Como grande parte da produção do Cinema Novo, o filme "Os Fuzis" (1964), de Ruy Guerra, é uma mistura de absoluta monotonia (ou pura chatice) com beleza e erudição. Isso posto, claro, para leigos, mortais que só se interessam por cinema que diverte, que prende a atenção.
"Os Fuzis" é o chamado clássico cinemanovista, que encerra em seu conteúdo o estudo ou a crítica da miséria brasileira por meio da figura do sertanejo espoliado; e que opta, no que se refere à forma, pela atmosfera estática herdada da nouvelle vague francesa.
O filme, construído em primeiros planos, expõe uma situação de agonia provocada pela seca nordestina. São rostos e expressões quase imperceptíveis retratando o ambiente de esterilidade e tensão.
Em 1963, chegava ao município de Milagres, sertão da Bahia, um destacamento de soldados, encarregado de proteger o único armazém de alimentos da cidade contra a ameaça de invasão por centenas de retirantes famintos.
"Se for preciso, varro a bala toda essa região", sentencia o comandante da milícia que pinga de suor no mormaço da caatinga, buscando em vão justificativas para a missão sem sentido de tirar a comida de quem tem fome.
A narrativa segue uma constante dramática, ascendendo aqui e ali por instantes críticos, de alguma ação. Casam-se bem a ausência de vento e de movimento.
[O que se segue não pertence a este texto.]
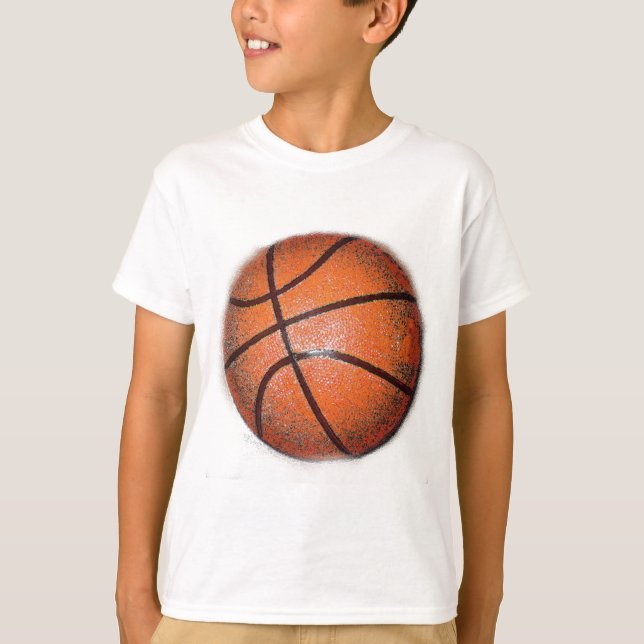 Pop Art Basketball T Shirt (Framsida)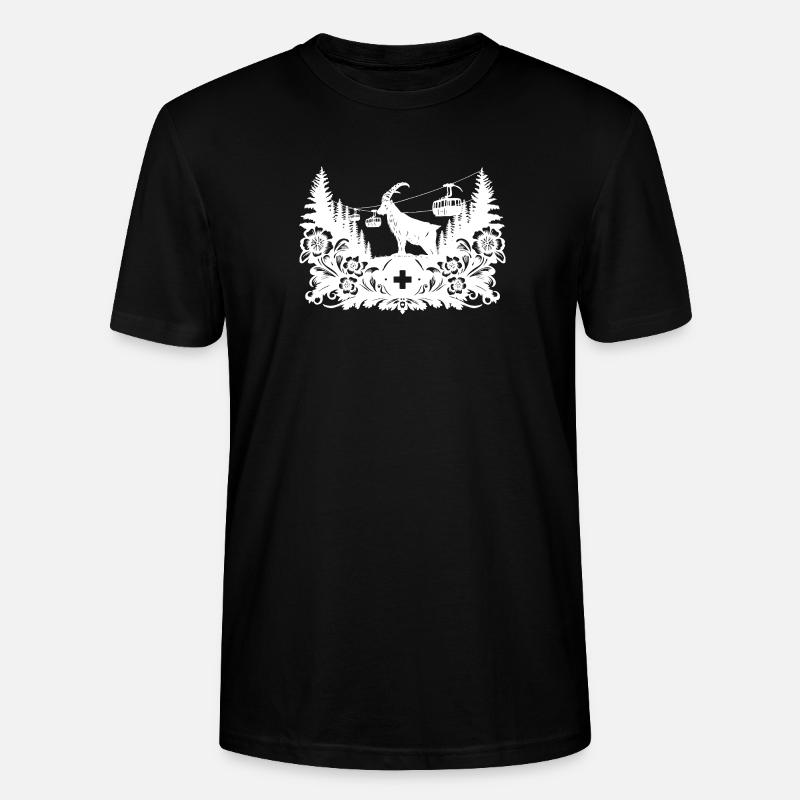 Steinbock_1_white_ - Stanley/Stella Unisex Bio-T-Shirt CRAFTER - Schwarz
Fica assim manifesta a resignação do povo cujo "único serviço" era rezar.
Enquanto os soldados vigiam, o povo reza, faz cantorias e procissões, chamando chuva, ignorando a presença da milícia e seguindo os passos de uma espécie de Antonio Conselheiro ou padre Cícero local.
Na sua cegueira religiosa -não são gratuitos os depoimentos de dois cegos na história-, o sertanejo vai morrendo de fome enquanto venera um boi gordo em plena caatinga esturricada.
Os momentos de tensão instalam-se a cada tentativa de comunicação entre soldados e população local. São mundos isolados um do outro. Só há relação direta entre eles no caso amoroso de um soldado com uma moça da cidade.
Mesmo quando um sertanejo é morto por um tiro da milícia, paira a dúvida sobre se a mira teria sido em um cabrito ou no homem. Resta a imagem do homem-cabrito, sob o ponto de vista do soldado.
O mais expressivo contato entre os dois mundos é feito pelo único elemento estranho a ambos, o revolucionário, o caminhoneiro gaúcho de passagem pelo local, que se revolta contra tanta injustiça.
É exemplar a cena da caça dos soldados ao caminhoneiro, sob o latido de todos os cachorros do lugar, em que outra vez homem se confunde com bicho. Tudo muito bem encaixado e resolvido nesse filme de clima angustiante, de tomadas e fotografias precisas de uma agonia. Resta ter paciência para atravessar o mar de tédio.